MK-2206 is an investigational allosteric inhibitor of AKT that requires the PH domain of AKT for activity, but does not interact with the ATP binding pocket. As a result, MK-2206 is highly selective for AKT inhibition, has higher potency against recombinant human AKT1 and AKT2 isoforms than AKT3, has little off-target kinase activities, and is less vulnerable to feedback activation of AKT compared with ATP-competitive inhibitors [16]. As a single agent, and in combination with cytotoxic drug, MK-2206 is being tested to be effective both in vitro and in vivo; both in adult tumors [1722] and in spectrum of pediatric tumors [23, 24]. In clinical trial, stable disease was observed in different cancers [25, 26]. Phase I Studies showed doses of MK-2206 ranging between 0.25 and 100 mg oral were well tolerated [27]. A larger phase I exploration is underway, examining MK-2206 dose formulations and combinations with cytotoxic drug [24, 28].
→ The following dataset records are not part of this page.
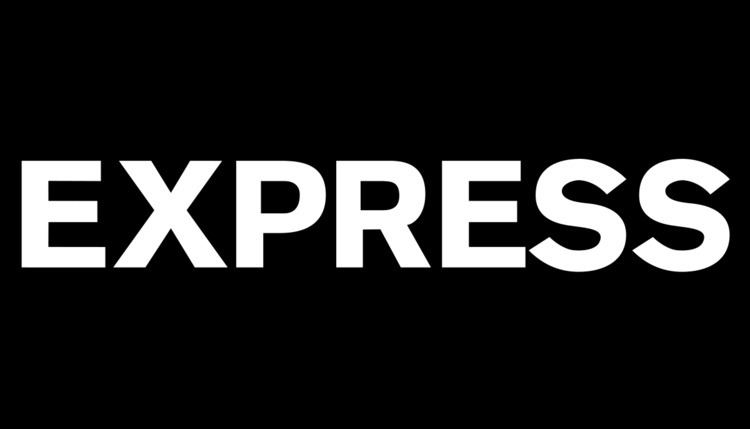 Express, Inc.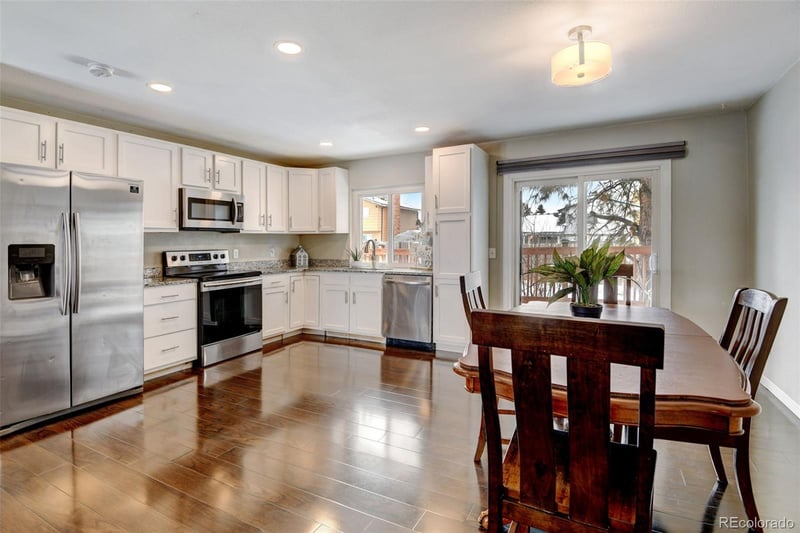 16344 Carolina Dr, Aurora, CO 80017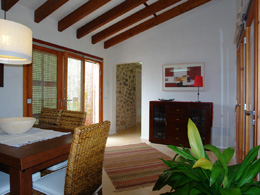 Country houses for Rent in ARTA, MAJORCA, Spain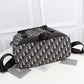 LTB - Luxe Touch Bags - 1540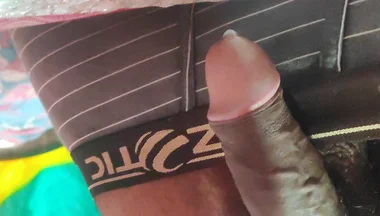Masturbation Cumshot Big Stepdaddy Dick Amateurbig Dick Masturbation Long Lasting Squirting and Losts of Thikpower of Dic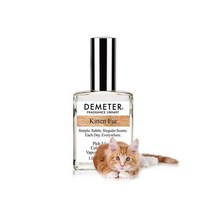 데메테르 키튼퍼 오드코롱 30ml, 키튼퍼30mlu002FDMU02147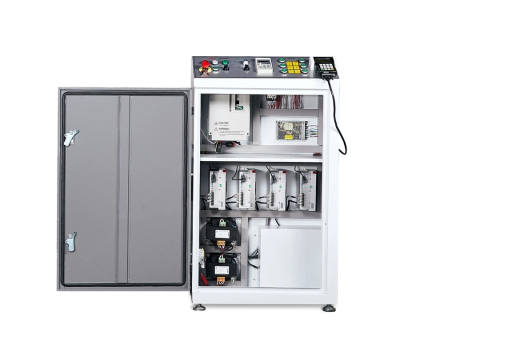 Advercut K45MT/2030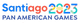 image-y3d7s60zrvysq93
PDK1 (3-phosphoinositide-dependent protein kinase 1) activates a group of protein kinases belonging to the AGC [PKA (protein kinase A)/PKG (protein kinase G)/PKC (protein kinase C)]-kinase family that play important roles in mediating diverse biological processes [29, 30]. Many cancer-driving mutations induce activation of PDK1 targets including AKT [31], S6K (p70 ribosomal S6Kinase) [32] and SGK (serum- and glucocorticoid-induced protein kinase) [33]. Small molecule GSK2334470 inhibits PDK1 with an IC50 of ~10 nM, but does not suppress the activity of 93 other protein kinases including 13 AGC-kinases most related to PDK1 at 500-fold higher concentrations [34]. Addition of GSK2334470 ablated T-loop residue phosphorylation and activation of SGK isoforms and S6K1 induced by serum or IGF-1 (insulin-like growth factor 1) [35].

Mammalian target of rapamycin (mTOR) is also a serine/threonine protein kinase, modulating cancer cell proliferation, mortality, survival and protein synthesis [36]. AZD8055 is a novel and potent ATP-competitive mTOR inhibitor, which blocks both mTORC1 and mTORC2 activation [37], effecting on cancer cell growth and survival [3840]. AZD8055 is a first-in-class orally available, potent and specific inhibitor of mTOR kinase activity, and shows a promise for suppressing tumor growth [41].

Establishment of resistant sublines is a common experimental method to investigate the mechanism of drug resistance. AKT inhibitor, such as MK-2206, shows promising effect on cancer therapy, but MK-2206 resistance remains to be studied. In this study, we successfully induced MK-2206-resistant sublines by using stepwise exposure, and identified cell signaling features of resistant sublines. The purpose of our study is to investigate the acquired mechanism of resistance to AKT inhibition and to explore strategies to overcome the tolerance of the AKT inhibitors in cancer therapy.

Methods

Cell lines and cell culture

The following four human NB cell lines were used and evaluated in this study. They are NB-19 [42], KP-N-SIFA [43], SK-N-DZ [44] and LAN-1 [45], which were studied in our previous papers [46, 47]. All these 4 cell lines were cultured in RPMI1640 (R8758, Sigma) medium supplemented with 10 % fetal bovine serum (FBS) (GIBCO). Cells were incubated in a humidified atmosphere at 37 °C with 5 % CO2.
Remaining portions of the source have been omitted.